[en] Introduction to rainette
Julien Barnier
2024-05-05
Source:vignettes/introduction_en.Rmd
introduction_en.Rmd
Corpus preparation
For a description of the Reinert clustering method and its
implementation in rainette
, please see the algorithms description vignette.
Split corpus into segments
As it doesn’t take into account terms frequencies but only there presence / absence, and as it assigns each document to only one cluster, the Reinert method must be applied to short and “homogeneous” documents. It could be ok if you work on tweets or short answers to a specific question, but with longer documents they must first be split into short textual segments.
You can use the split_segments()
function for that, and
it can be applied directly on a tm
or quanteda
corpus. In this article we will apply it to the sample
data_corpus_inaugural
corpus provided by
quanteda
.
library(quanteda)
library(rainette)
## Split documents into segments
corpus <- split_segments(data_corpus_inaugural, segment_size = 40)
split_segments
will split the original texts into
smaller chunks, attempting to respect sentences and punctuation when
possible. The function takes two arguments :
-
segment_size
: the preferred segment size, in words -
segment_size_window
: the “window” into which looking for the best segment split, in words. IfNULL
, it is set to0.4 * segment_size
.
The result of the function is a quanteda
corpus, which
keeps the original corpus metadata and adds an additional
segment_source
variable, which keeps track of which segment
belongs to which document.
corpus
## Corpus consisting of 3,584 documents and 5 docvars.
## 1789-Washington_1 :
## "Fellow-Citizens of the Senate and of the House of Representa..."
##
## 1789-Washington_2 :
## "On the one hand, I was summoned by my Country, whose voice I..."
##
## 1789-Washington_3 :
## "as the asylum of my declining years - a retreat which was re..."
##
## 1789-Washington_4 :
## "On the other hand, the magnitude and difficulty of the trust..."
##
## 1789-Washington_5 :
## "could not but overwhelm with despondence one who (inheriting..."
##
## 1789-Washington_6 :
## "In this conflict of emotions all I dare aver is that it has ..."
##
## [ reached max_ndoc ... 3,578 more documents ]

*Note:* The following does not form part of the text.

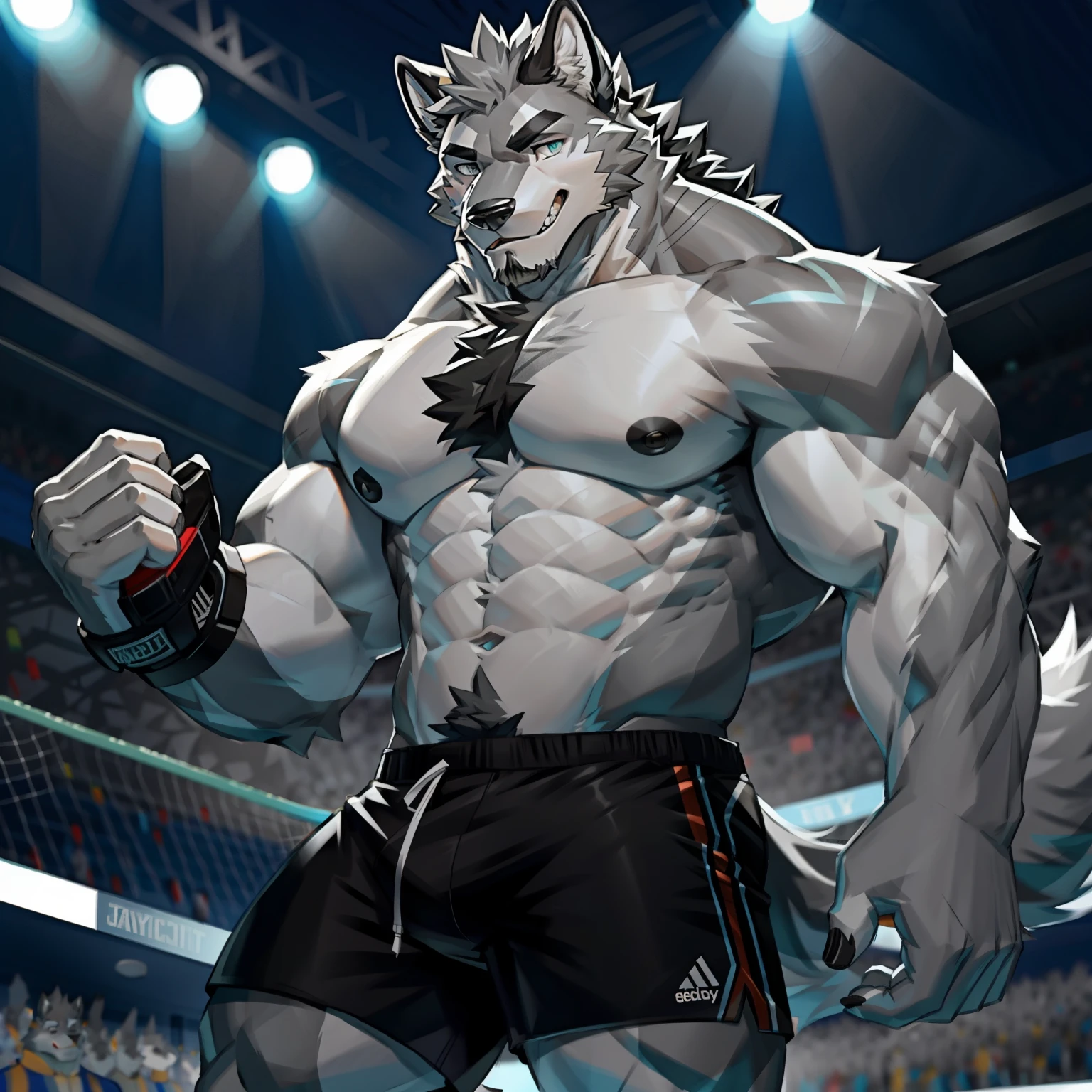 tmasterpiece,Best quality at best,Detailed background nj5 hairy,rays of sunshine, Alone,solofocus,male,Male focus,Humanity,wolf,(sport:1.5), (Gray fur,,Black eyebrows:1.5),Elaborate Eyes,detailed eyes,agate eyes,five fingers, Wear only shorts yaoi,Strong body,Majesty,Revealing eight-pack abs and two thick chest muscles,showing nipple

## Year President FirstName Party segment_source
## 1 1789 Washington George none 1789-Washington
## 2 1789 Washington George none 1789-Washington
## 3 1789 Washington George none 1789-Washington
## 4 1789 Washington George none 1789-Washington
## 5 1789 Washington George none 1789-Washington
## 6 1789 Washington George none 1789-Washington
dfm computation
The next step is to compute the document-feature matrix. As our
corpus
object is a quanteda
corpus, we can
tokenize it and then use the dfm()
function.
tok <- tokens(corpus, remove_punct = TRUE)
tok <- tokens_tolower(tok)
tok <- tokens_remove(tok, stopwords("en"))
dtm <- dfm(tok)
We also filter out terms that appear in less than 10 segments by
using dfm_trim
.
dtm <- dfm_trim(dtm, min_docfreq = 10)
Simple clustering
We are now ready to compute a simple Reinert clustering by using the
rainette()
function. Its main arguments are :
-
k
: the number of clusters to compute. -
min_segment_size
: the minimum number of terms in each segment. If a segment contains less than this number of terms, it will be merged with the following or previous one if they come from the same source document. The default value is 0, ie no merging is done. -
min_split_members
: if a cluster is smaller than this value, it won’t be split afterwards (default : 5).
Here we will compute 5 clusters with a min_segment_size
of 15 :
res <- rainette(dtm, k = 5, min_segment_size = 15)
To help exploring the clustering results, rainette
provides an interactive interface which can be launched with
rainette_explor()
:
rainette_explor(res, dtm, corpus)
The interface allows to change the number of clusters, the displayed statistic, etc., and see the result in real time. By default the most specific terms are displayed with a blue bar or a red one for those with a negative keyness (if Show negative values has been checked).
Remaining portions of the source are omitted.